Todos os que trabalhamos neste setor estaremos certamente muito atentos ao resultado após as alegações apresentadas pelos protagonistas do setor de Data Center e quero acreditar que serão devidamente consideradas.
Para além da norma
O setor de data centers é fundamental para a economia digital e para o desenvolvimento da sociedade presente e futura. Muito se fala deles, mas o mais importante costuma ser invisível: o silêncio que sustenta o mundo digital e permite que pessoas, empresas e organismos públicos continuem a funcionar todos os dias.
Para além da minha opinião pessoal sobre regulação e legislação, o que tenho claro é que esta transposição afeta diretamente o desenvolvimento da tecnologia e, com ela, o avanço da ciência, cultura e estado de bem-estar. Por isso, para além dos debates técnicos e jurídicos, convém lembrar algumas ideias:
O setor de Data Center é efetivamente um grande consumidor de energia, mas o compromisso do setor com a eficiência energética e a sustentabilidade está no seu ADN, ainda que por vezes apenas por puro egoísmo, já que a energia é provavelmente o seu maior custo. Nos últimos anos demonstrou isso com projetos, construções e equipamentos muito mais eficientes. Por isso, todos os que trabalhamos neste setor concordamos em buscar essa eficiência de forma progressiva.

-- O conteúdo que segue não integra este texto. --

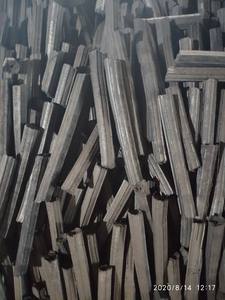 Briquettes de bois dur 100% naturelles de qualité supérieure, fabriquées à la machine, à combustion longue durée, charbon de bois blanc à motifs de coquille, teneur en cendres de 3%, 8350J de calories - Product Image 3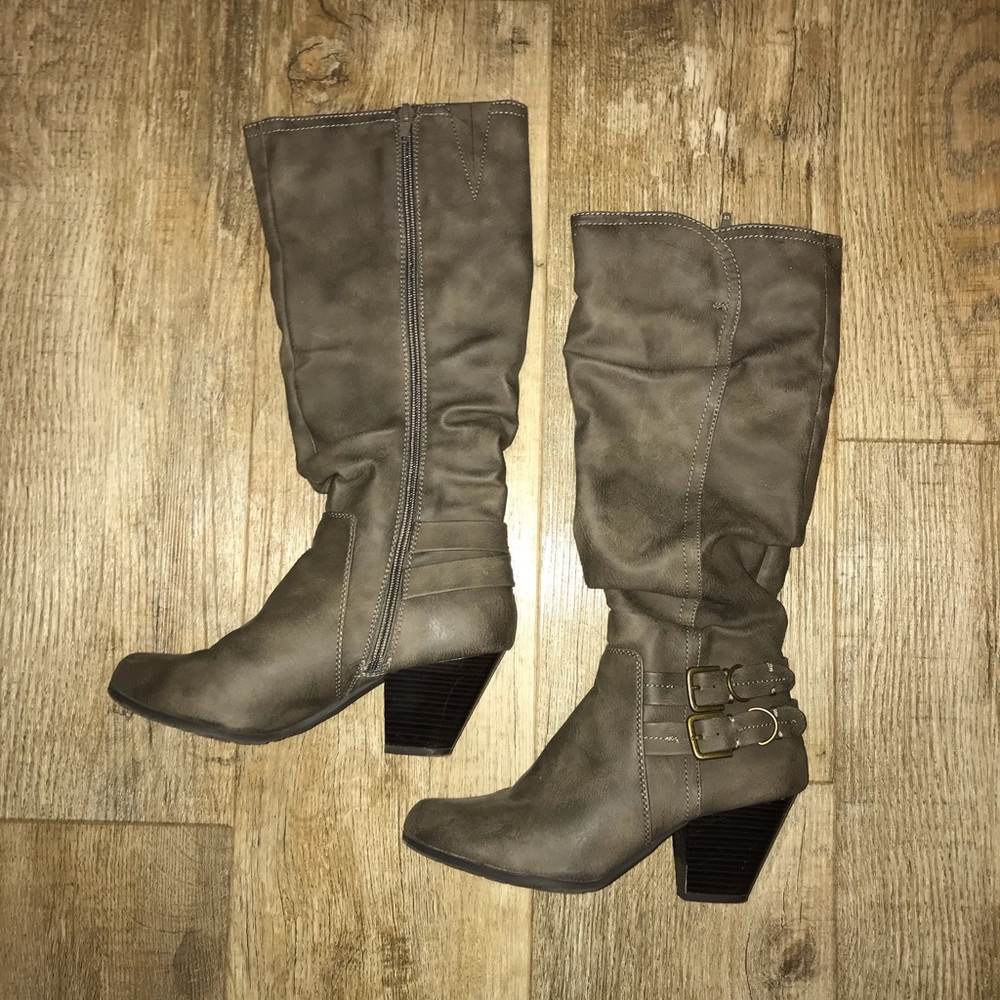 Jaclyn Smith Boots
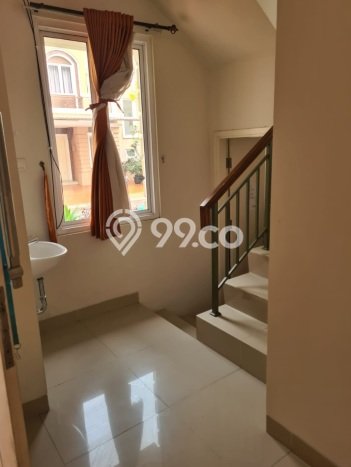Sewa Rumah Murah di Gading Serpong Tangerang dengan 4 KT Sewa Rumah Murah di Gading Serpong Tangerang dengan 4 KT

Se estamos a falar de uma normativa relacionada com eficiência, o foco deve estar em KPIs energéticos/ambientais e não usar a norma para outros interesses.
O tema da reutilização de calor, o papel aceita tudo, mas as realidades podem ser diversas e é necessário ter isso em conta.
Ao nível de reporte ou de registos, não deve ser necessário duplicar janelas nem informação a vários organismos, estatais, europeus, permissões, etc. Isto, na era digital, deve ser resolvido de uma forma mais eficiente.
No que respeita ao acesso e ligação à rede, não se pode vincular a permissão elétrica a requisitos ambientais. O acesso deve ser decidido por critérios técnicos do sistema e exigir o cumprimento ambiental com marcos e prazos razoáveis. A eficiência não é algo estático, é dinâmica, e por isso deve ser realizada com planificação a anos e comparações temporais. Da mesma forma, essas comparações devem ser sempre coerentes e, inclusive, o mais lógico seria comparar consigo mesmo através de um acompanhamento de avanços.
E, por último, coerência com outras indústrias: ou somos, ou não somos indústrias eletrointensivas.
Os data centers são a coluna vertebral invisível da digitalização, e a sua regulação deve ser ambiciosa, mas também proporcional. O RD em Espanha é uma grande oportunidade para alinhar sustentabilidade, competitividade e atração de investimento.
O desafio agora é encontrar o equilíbrio: um quadro exigente, sim, mas viável e coerente com o que dita a Europa e com o que se aplica a outras indústrias de peso energético similar. Só assim poderemos garantir que a Espanha continue a ser um país atrativo para novos investimentos em data centers, reforçando ao mesmo tempo a transição energética e digital que todos necessitamos.